When to Seek Professional Help for Yourself
Self-care strategies are valuable, but there are times when they are not enough on their own. It may be time to seek professional support if you are experiencing any of the following: persistent low mood or feelings of hopelessness lasting more than two weeks, anxiety, panic attacks, or intrusive thoughts of your own, significant strain in your relationship or at work, difficulty performing daily tasks or fulfilling responsibilities, or a feeling that you no longer have any joy or sense of self outside of caregiving.
Please know that reaching out for professional help is one of the most courageous things you can do — not just for yourself, but for everyone who depends on you. At MindCare Psychiatric Services, we specialize in meeting adults where they are, with warmth, clinical expertise, and a solution-focused approach. You do not have to be in crisis to deserve care.
How MindCare Psychiatric Services Can Help — Jersey City & East Brunswick, NJ
MindCare Psychiatric Services, LLC is a compassionate, patient-centered psychiatric practice led by Michelle Matusalem, a Board-Certified Psychiatric Nurse Practitioner with over 10 years of experience in mental health and healthcare. Michelle has worked across a wide range of clinical settings — from inpatient psychiatric hospitals to community-based outpatient care — bringing a rich, well-rounded perspective to every patient she serves.
Whether you are coming in for yourself after years of supporting someone else, or seeking care for anxiety, depression, ADHD, or another condition of your own, MindCare offers medication management, brief talk therapy, and collaborative care in a warm, nonjudgmental environment. Michelle utilizes evidence-based modalities, including Solution-Focused Brief Therapy (SFBT) and Motivational Interviewing — approaches that are particularly well-suited for caregivers who want practical, goal-oriented strategies for moving forward.
MindCare Psychiatric Services proudly serves adults and seniors throughout New Jersey, including residents of Jersey City, NJ, and East Brunswick, NJ. We accept most major insurance plans and offer affordable options for those without coverage. We are currently accepting new clients, though slots are limited — so we encourage you to reach out soon.

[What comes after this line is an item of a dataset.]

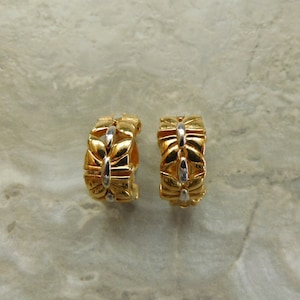 Peut inclure: Une paire de boucles d'oreilles créoles dorées avec un motif de papillon. Les boucles d'oreilles ont une surface texturée et un accent argenté au centre. Les boucles d'oreilles sont présentées sur une surface gris clair.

Ready to take the first step? Book your appointment now. Your path to mental wellness — on your terms — starts here.
You Matter Too
Caring for someone with anxiety is an act of deep love and courage. But love, to be sustainable, must include yourself. The most resilient caregivers are not those who sacrifice everything — they are those who have learned to tend to their own needs with the same attentiveness and grace they offer to others.
You are allowed to be tired. You are allowed to ask for help. You are allowed to take up space in your own life. And when you are ready to take that step — whether it is booking an appointment, joining a support group, or simply acknowledging that you have been carrying too much for too long — MindCare Psychiatric Services is here for you.
Because taking care of the carers is not just important. It is everything.